Thursday, June 6, 2013

Moving My Own Little Mountain


Last year, I returned to a question that has been bugging me for a number of years with Toronto's weather.  The problem was that in order to find the answer, I needed some data - and whilst the data is freely available to answer the question, it's just not in a form that I could easily query.  It was very obvious I was going to have to construct something pretty big at home, just so I had all the data in one place in order to query it.

So, back in the winter, I wrote a program for the RaspberryPi (http://www.raspberrypi.org/faqs) to grab the data I needed for 18 locations across canada, for every day on record, and put them somewhere for me to process at a later date…  Naturally, the Raspberry Pi did this job admirably.  OK, it was slow, but then again, for a $35 computer I wasn't expecting speed.  What the Raspberry Pi did do extremely well was allow me to teach myself a few things I didn't know before - like how to build using the GCC compiler on a linux distro that I'd installed from scratch.

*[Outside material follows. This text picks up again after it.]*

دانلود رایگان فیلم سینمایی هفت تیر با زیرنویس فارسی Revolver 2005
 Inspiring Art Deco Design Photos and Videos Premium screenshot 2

What I ended up with was ~37,000 files to process.  This was a bit of a tall order especially as I was a new dad with twins, so the entire process had to be put on hold for a bit.

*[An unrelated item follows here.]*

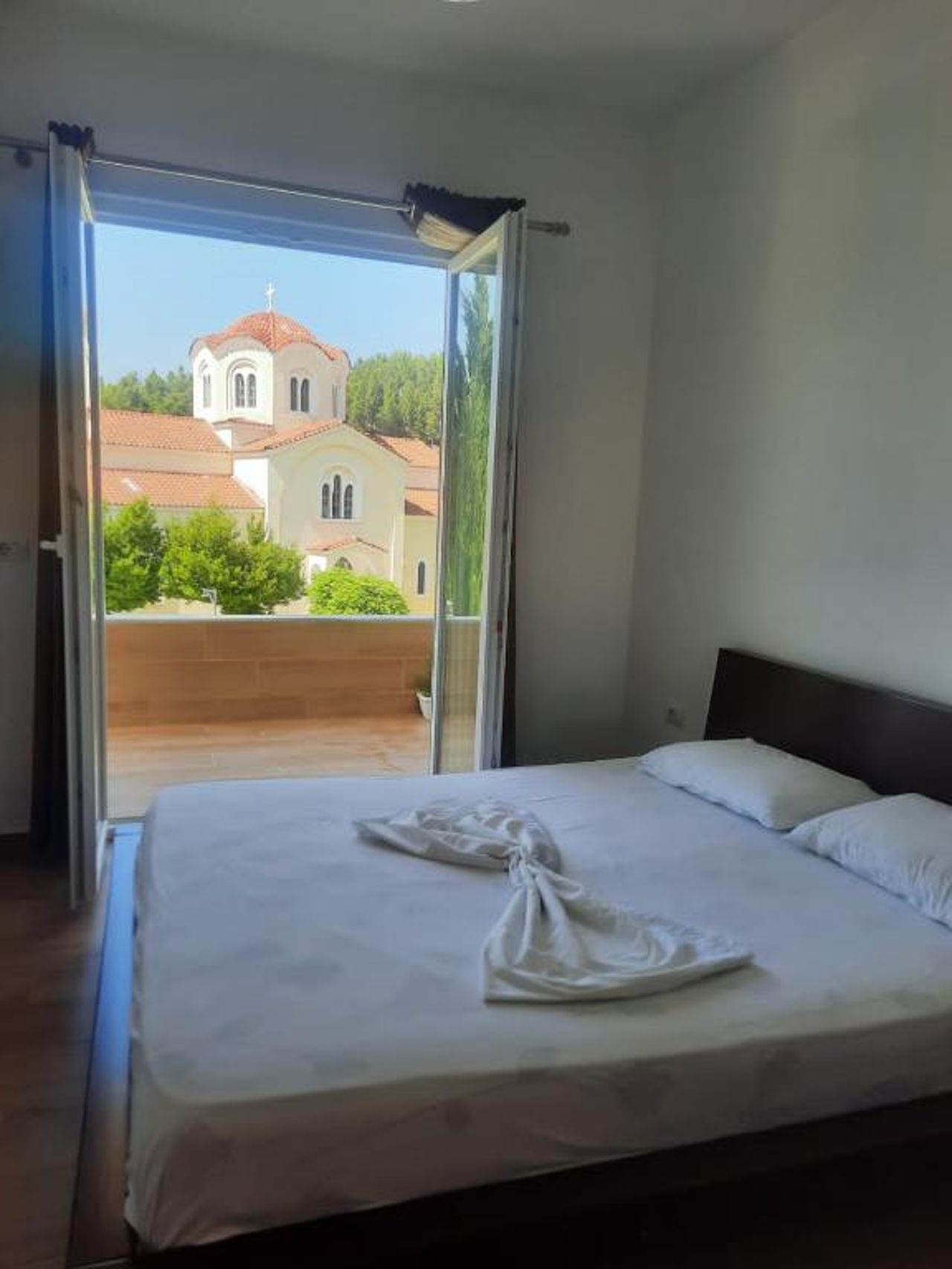 Vila Lefteria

Now that it's almost summer the next year, I finally have some time to deal with this.  First, I had a look at the files.  They are CSV's with 17 lines of junk above the data that had to be stripped out, followed by another ~720 lines of data per month (one line for each hour, 24 hours a day, multiplied by 30 days).

So, I created a MySQL database with the corresponding fields for the stations and the readings.  Next, I created a simple PHP script to enumerate each folder, and for each file, strip out the header junk and for each line of data, break it into the correct fields and load these as a record into the readings table.  This makes it approximately 1.5m records per station. 

Time to load this is about 5 hours over wifi from my laptop to a Mac Mini server - again, speed isn't the concern here - rather that I have a way to get the files parsed and loaded with about 1 hour of programming time invested in a PHP script that I can easily repoint to new folders.

This will likely take a week or so (process one city whilst away at work, and one city through the night as I sleep) to get all 26m to 27m records in the system.  Then the next step is to augment the data.  The biggest item is to add the day of the week.  So, this needs to be done as well.  

If all goes well, I can get round to querying this data to get some answers by the end of the month!